Очертив таким образом дальние оборонительные подступы, Ап. Григорьев обещает к конкретному разбору романа перейти в следующем нумере».
В следующем «нумере» начинается неспешный пересказ с длинными выписками: первые главы. Григорьев еще раз объясняет, почему он не в силах удержаться от желания поговорить о начале, не дожидаясь конца: очень уж милы эти тетушки и барышни из старых дворянских гнезд, как напоминают они ему прежнего Писемского…
Еще через неделю (июль уже на исходе) Ап. Григорьев останавливает свой пересказ и задумывается. В самом деле, до чего же это, однако, доходим мы в настоящую минуту? Чего ради Писемский выставляет нам своих провинциальных зверей, не затронутых университетскими веяниями? Какой тут смысл? Есть ли какая-нибудь правда в этом открытом цинизме?
– Есть! – отвечает Григорьев. – Писемский, в сущности, берет наших признанных мечтателей: Печорина, Рудина, Бельтова, он срывает с них перья и нагишом выставляет, чтобы все полюбовались: вот наше «развитие»! Писемский этих мечтателей… (тут Аполлон Григорьев решается употребить словечко из словаря «обличительной эпохи»)… он их всех «продергивает»!

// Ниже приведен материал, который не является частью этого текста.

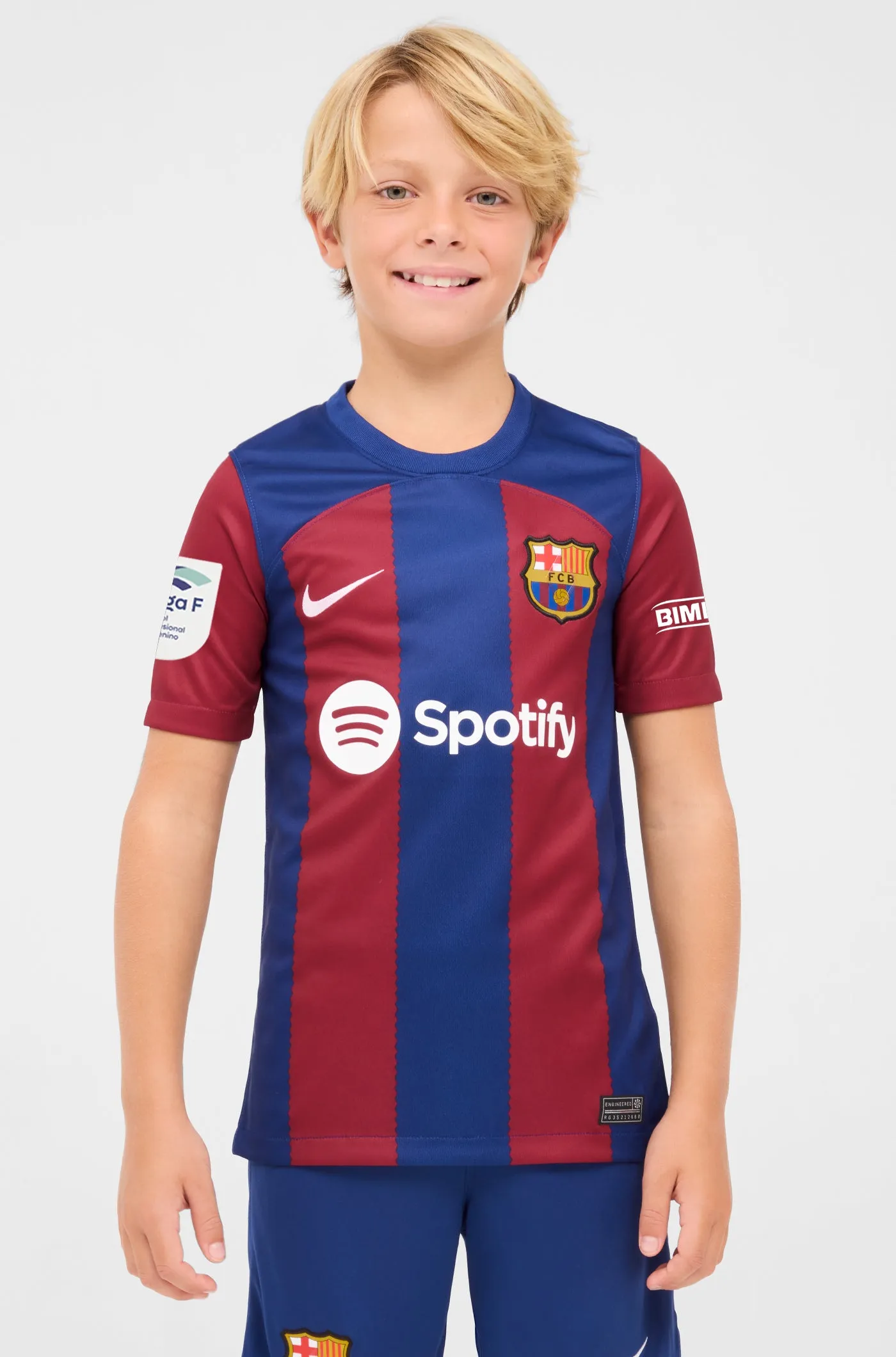 Liga F FC Barcelona home shirt 23/24 - Junior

И только-то? – точит критика сомнение. – И это после Островского, Тургенева, Достоевского?…
Однако Григорьев гасит сомнение:
– Писемский – всего только первый из наших беллетристов. Он не художник в том высоком смысле, в каком художники – Островский, Тургенев, Достоевский. Писемский – беллетрист, и ничего более.
Опять не все гладко: если так, то стоит ли с ним столько возиться? Григорьев находит неожиданный ответ:
– Так большинству наших читателей, нравственному и умственному мещанству, никто иной и не по плечу, кроме Писемского!
Комплимент рискованный, хотя мысль смелая. Причем Григорьев отлично понимает, с какой стороны его сейчас поднимут на смех. Он живо оборачивается в эту сторону:
– А с «гениями нигилистического направления» говорить об этом вообще бесполезно! Это все равно, что обсуждать со слепыми краски и с глухими звуки…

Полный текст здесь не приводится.